- _GIVEN ENTRIES_:
----
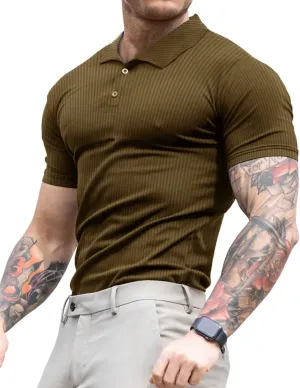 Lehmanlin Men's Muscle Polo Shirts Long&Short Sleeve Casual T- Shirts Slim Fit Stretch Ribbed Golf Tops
----
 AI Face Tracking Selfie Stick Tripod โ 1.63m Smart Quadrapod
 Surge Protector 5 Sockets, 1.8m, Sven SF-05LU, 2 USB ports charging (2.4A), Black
----
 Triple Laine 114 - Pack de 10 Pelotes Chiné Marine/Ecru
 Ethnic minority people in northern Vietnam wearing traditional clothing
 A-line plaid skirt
----
Look back at the data above. Transcribe exactly the lines starting at the line that contains "Ethnic minority people" and ending at the line that contains "A-line plaid skirt".

 Ethnic minority people in northern Vietnam wearing traditional clothing
 A-line plaid skirt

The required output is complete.